Só saia de casa à noite se for indispensável. Ao entrar e sair de seu domicílio verifique o território. Crianças e jovens devem circular sob tutela. No transporte público, observe os outros passageiros, jamais descuide seus objetos pessoais. Na rua, detecte atitudes suspeitas e afaste-se. Instale grades, cercas elétricas, câmeras, cães e contrate um serviço particular de policiamento armado. De carro não abra os vidros, não pare. Viva em condomínios ou bairros fechados. Se ameaçado, obedeça. Pensando bem, não saia de casa de dia também, só se for indispensável. 
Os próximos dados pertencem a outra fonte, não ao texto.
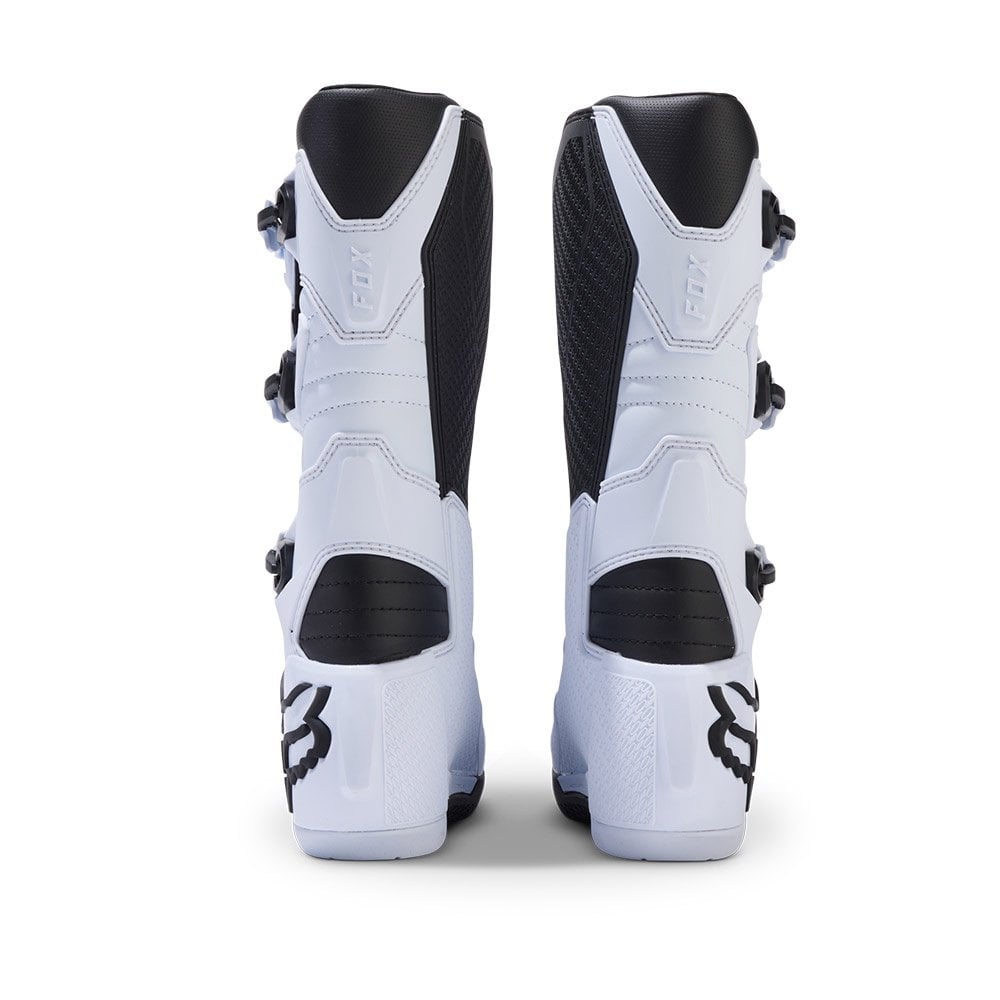 FOX Racing Youth Motocross Boots - COMP (White/Black)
Esse modo de vida pode ter vários nomes: prisão domiciliar, presídio semi-aberto às avessas, toque de recolher, talvez um pouco de cada. Curioso é que parecemos estar nos conformando, não sem queixas, mas no fundo vamos passivamente incorporando cada novo limiar do cerceamento da nossa liberdade. Donde provém a capacidade para se adaptar a essa nova forma de prisão?

Farei uma comparação que infelizmente não é estapafúrdia. Recordo um questionamento que corajosamente o psicanalista Bruno Bettelheim fez ao sucesso da história de Anne Frank, cujo diário é um clássico. Muitos judeus enfrentaram o horror nazista lançando mão de subterfúgios como a clandestinidade, a resistência e a emigração. Qualquer desses recursos passava por reconhecer a magnitude do perigo, assim como a urgência de tomar as providências para tentar sobreviver. Precisaram abrir mão da coesão familiar (colocando os filhos misturados às crianças de famílias não judias, por exemplo), da identidade, dos bens, da pátria. A família Frank tentou o esconderijo como solução. Lá dentro, devidamente equipados, fizeram o possível para manter suas tradições, a formação cultural dos filhos, enfim, um microcosmo daquilo que julgavam essencial. Pereceram em sua ratoeira sem saída, mas tentaram sobreviver a seu modo. A análise de Bettelheim não se centra sobre a opção dos Frank, ele lança sua crítica sobre nós, leitores do Diário de Anne Frank, perguntando por que, frente a tantas histórias de heroísmo disponíveis, muitas envolvendo depoimentos de crianças e jovens como Anne, foi essa a que se celebrizou.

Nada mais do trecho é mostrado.